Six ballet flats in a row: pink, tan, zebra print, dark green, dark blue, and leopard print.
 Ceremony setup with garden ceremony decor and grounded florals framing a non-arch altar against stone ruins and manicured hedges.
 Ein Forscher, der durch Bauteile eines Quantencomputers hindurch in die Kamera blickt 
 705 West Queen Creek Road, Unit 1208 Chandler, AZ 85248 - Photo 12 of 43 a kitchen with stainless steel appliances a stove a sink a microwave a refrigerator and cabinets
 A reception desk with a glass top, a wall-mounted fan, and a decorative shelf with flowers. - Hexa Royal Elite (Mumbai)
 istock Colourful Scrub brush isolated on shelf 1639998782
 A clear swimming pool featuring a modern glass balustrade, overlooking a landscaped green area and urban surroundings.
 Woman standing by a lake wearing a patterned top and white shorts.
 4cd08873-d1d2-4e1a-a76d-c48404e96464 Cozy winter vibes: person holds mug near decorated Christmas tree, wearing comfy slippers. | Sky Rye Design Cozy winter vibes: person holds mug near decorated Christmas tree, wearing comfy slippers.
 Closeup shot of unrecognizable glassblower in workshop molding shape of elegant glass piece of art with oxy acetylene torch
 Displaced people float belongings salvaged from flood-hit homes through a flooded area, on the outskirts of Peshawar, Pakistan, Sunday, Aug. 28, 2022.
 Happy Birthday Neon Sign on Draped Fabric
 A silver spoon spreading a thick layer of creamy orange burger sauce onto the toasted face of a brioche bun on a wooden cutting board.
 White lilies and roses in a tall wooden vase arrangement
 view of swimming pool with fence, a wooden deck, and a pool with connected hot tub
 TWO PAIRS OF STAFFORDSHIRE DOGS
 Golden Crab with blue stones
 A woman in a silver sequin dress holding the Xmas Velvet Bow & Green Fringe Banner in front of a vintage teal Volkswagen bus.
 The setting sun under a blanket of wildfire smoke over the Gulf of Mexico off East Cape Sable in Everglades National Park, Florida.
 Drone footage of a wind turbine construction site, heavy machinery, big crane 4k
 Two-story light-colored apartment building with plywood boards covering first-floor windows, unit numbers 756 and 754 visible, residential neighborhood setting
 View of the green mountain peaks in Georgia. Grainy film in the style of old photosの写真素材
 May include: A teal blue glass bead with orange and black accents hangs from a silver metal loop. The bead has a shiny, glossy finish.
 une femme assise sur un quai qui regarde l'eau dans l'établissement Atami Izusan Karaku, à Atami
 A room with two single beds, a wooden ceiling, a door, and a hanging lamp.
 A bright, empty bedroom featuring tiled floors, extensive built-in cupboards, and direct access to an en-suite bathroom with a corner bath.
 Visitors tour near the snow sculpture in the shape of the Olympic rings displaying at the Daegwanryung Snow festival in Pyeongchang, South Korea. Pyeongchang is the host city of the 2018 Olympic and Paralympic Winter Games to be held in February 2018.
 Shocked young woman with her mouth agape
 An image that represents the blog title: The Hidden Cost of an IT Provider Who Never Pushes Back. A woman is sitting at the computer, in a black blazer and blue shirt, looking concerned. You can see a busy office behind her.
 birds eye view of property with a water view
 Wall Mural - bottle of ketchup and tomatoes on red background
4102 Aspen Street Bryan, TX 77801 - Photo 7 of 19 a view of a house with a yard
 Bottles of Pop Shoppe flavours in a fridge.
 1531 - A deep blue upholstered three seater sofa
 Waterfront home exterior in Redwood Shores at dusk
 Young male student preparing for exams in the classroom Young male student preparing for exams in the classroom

····················

> **What to work on**
Begin with the first line of the data above and, please, print each line exactly until you have printed the line containing "Ceremony setup with"; print nothing else.

> **Written response**
Six ballet flats in a row: pink, tan, zebra print, dark green, dark blue, and leopard print.
 Ceremony setup with garden ceremony decor and grounded florals framing a non-arch altar against stone ruins and manicured hedges.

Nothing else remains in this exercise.